7 Sifat Setan yang Sering Dikerjakan Manusia (1)

262 views

Setan pasti selalu membisikan godaan kemaksiatan kepada manusia. Tanpa disadari, ternyata banyak sifat kita yang meniru sifat-sifat setan.

Sifat-sifat apa saja itu? Bagaimana kita menghindarinnya?

Inilah sifat-sifat setan yang harus kita jauhi agar tidak mendapat murka Allah Ta’ala, yakni:

1. Sifat ‘Ujub
Ujub adalah senang membanggakan diri sendiri dan merasa paling hebat. Sifat ‘Ujub tergolong dosa besar.
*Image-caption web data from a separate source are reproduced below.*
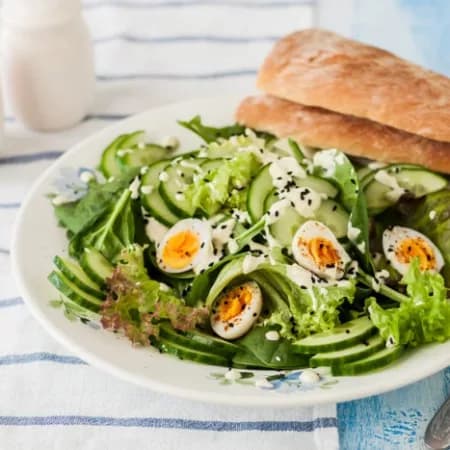 Салат зеленый с яйцом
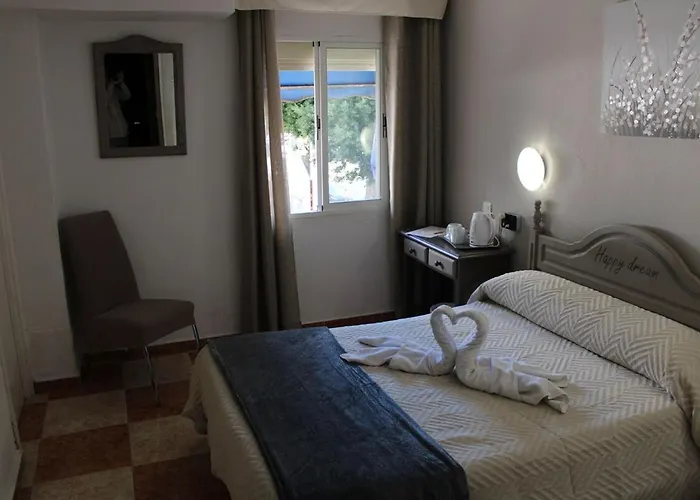 Hostal Virgen Del Rocio II Torremolinos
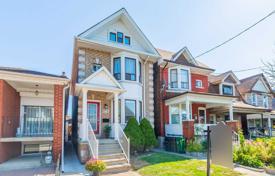 5 odalılar şehir içinde müstakil ev Old Toronto'da, Kanada. C$1,560,000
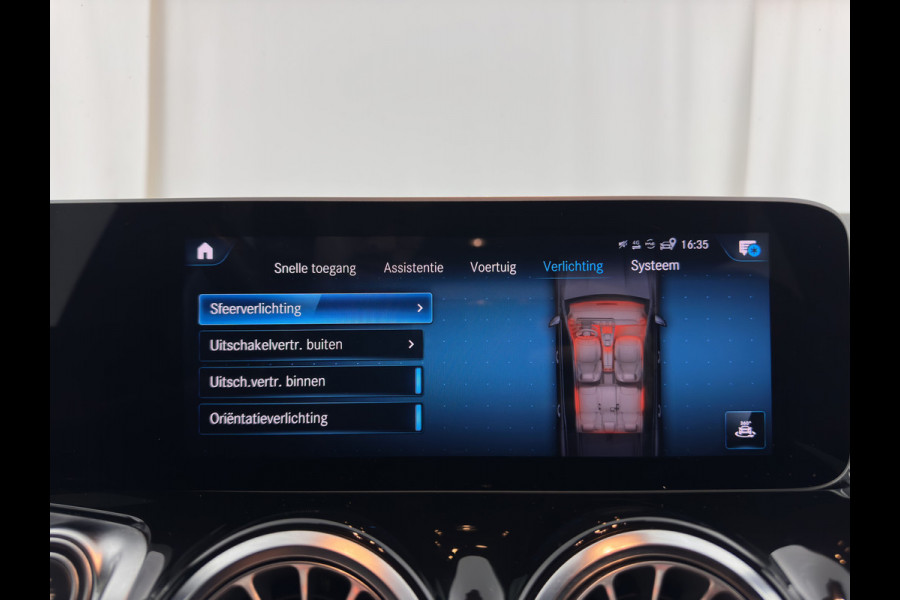 Mercedes-Benz Glb 180 d Business Solution Luxury [ 7-Pers. ] (INCL-BTW) Aut. *LUXURY-LEATHER | FULL-LED | AMBIENT-LIGHT | WIDESCREEN-DIGI-COCKPIT | HEATED-COMFORTSEATS | CAMERA | DAB+ | NAVI-FULLMAP | ECC | MEMORY-PACK | PDC | CRUISE | PRIVACY-GLASS |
Allah Subhanhu wa ta’ala berfirman :

أَفَأَمِنُوا مَكْرَ اللَّهِ ۚ فَلَا يَأْمَنُ مَكْرَ اللَّهِ إِلَّا الْقَوْمُ الْخَاسِرُونَ

Loading...

Maka Apakah mereka merasa aman dari azab Allah (yang tidak terduga-duga)? Tiada yang merasa aman dan azab Allah kecuali orang-orang yang merugi”. (QS Al A’raf : 99)

2. Takabbur
Takabbur adalah sifat menilai orang lain lebih rendah. Setan menganggap dirinya lebih baik dari pada Nabi Adam alaihissalam.

Allah Ta’ala berfirman:

قَالَ مَا مَنَعَكَ أَلَّا تَسْجُدَ إِذْ أَمَرْتُكَ ۖ قَالَ أَنَا خَيْرٌ مِنْهُ خَلَقْتَنِي مِنْ نَارٍ وَخَلَقْتَهُ مِنْ طِينٍ

“Allah Subhanahu wa ta’ala berfirman; Apakah yang menghalangi engkau (sehingga) kamu tidak bersujud (kepada Adam) ketika Aku menyuruhmu?” (iblis) menjawab ”Aku lebih baik daripada dia.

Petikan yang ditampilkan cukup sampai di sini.